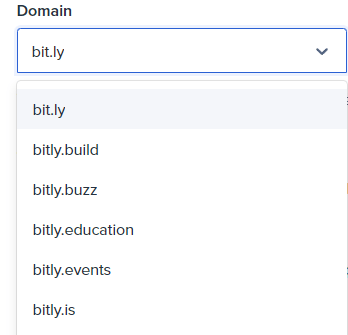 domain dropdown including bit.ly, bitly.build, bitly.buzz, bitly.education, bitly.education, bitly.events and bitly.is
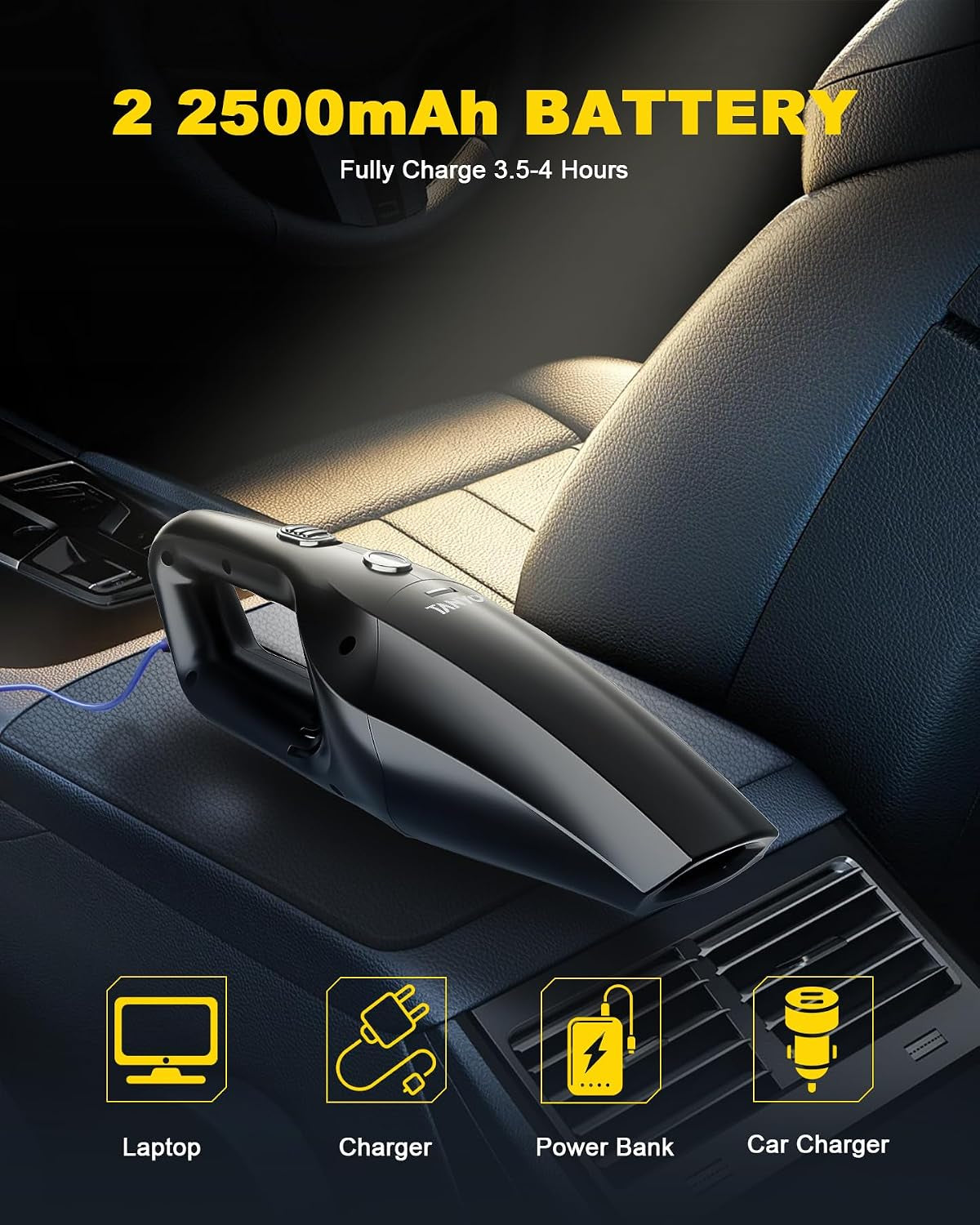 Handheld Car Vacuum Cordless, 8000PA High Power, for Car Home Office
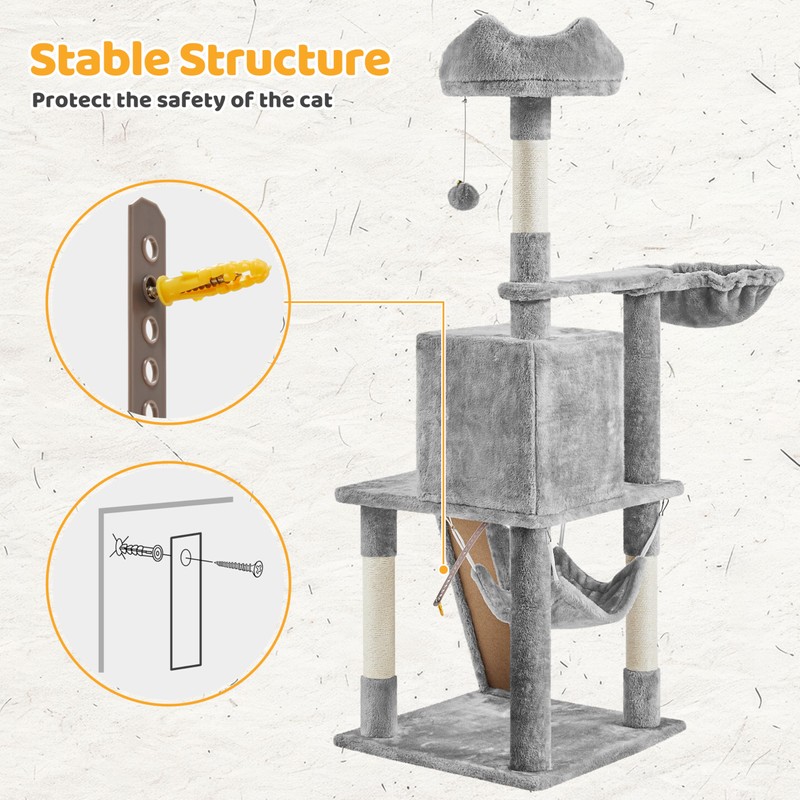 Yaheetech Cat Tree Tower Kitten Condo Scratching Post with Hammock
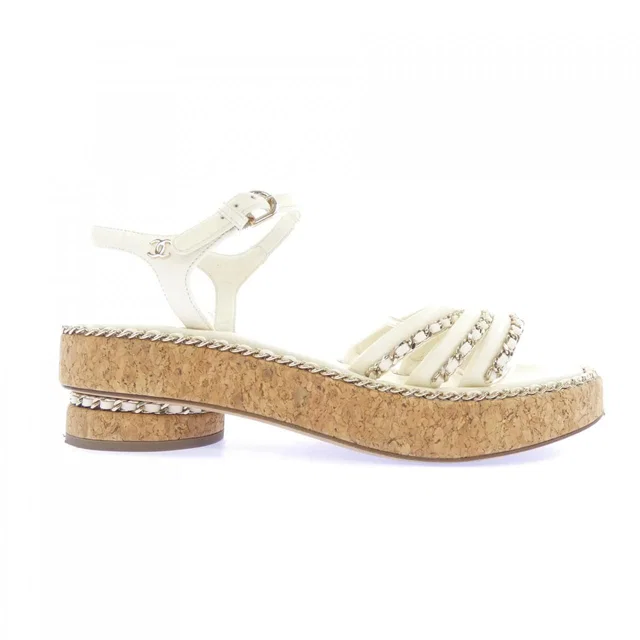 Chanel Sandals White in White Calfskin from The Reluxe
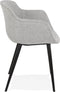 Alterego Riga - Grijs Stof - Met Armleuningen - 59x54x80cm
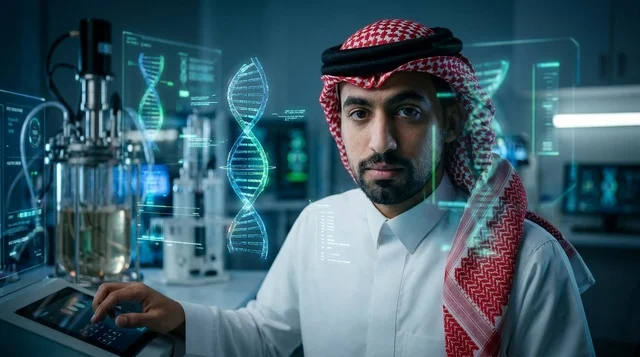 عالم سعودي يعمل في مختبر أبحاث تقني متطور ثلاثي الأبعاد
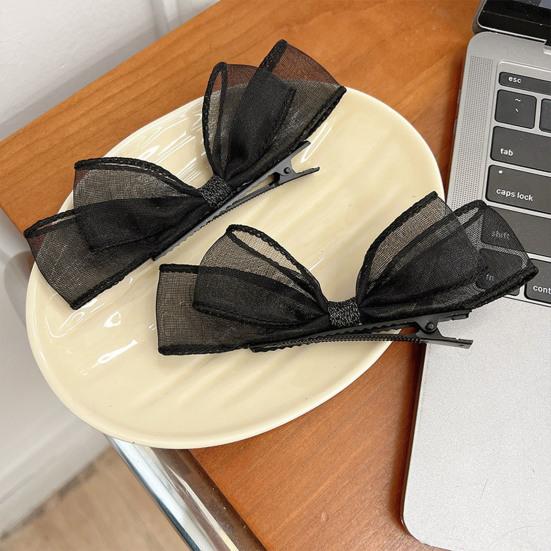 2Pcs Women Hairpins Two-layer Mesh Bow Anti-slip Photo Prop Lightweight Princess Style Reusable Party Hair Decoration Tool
= = = = =
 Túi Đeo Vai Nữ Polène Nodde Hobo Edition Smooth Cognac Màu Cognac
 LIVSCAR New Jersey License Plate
= = = = =
With the pictures left out, write out exactly the lines above from the one containing "Chanel Sandals White" through the one containing "2Pcs Women Hairpins".

**Output**
 Chanel Sandals White in White Calfskin from The Reluxe
 Alterego Riga - Grijs Stof - Met Armleuningen - 59x54x80cm
 عالم سعودي يعمل في مختبر أبحاث تقني متطور ثلاثي الأبعاد
 2Pcs Women Hairpins Two-layer Mesh Bow Anti-slip Photo Prop Lightweight Princess Style Reusable Party Hair Decoration Tool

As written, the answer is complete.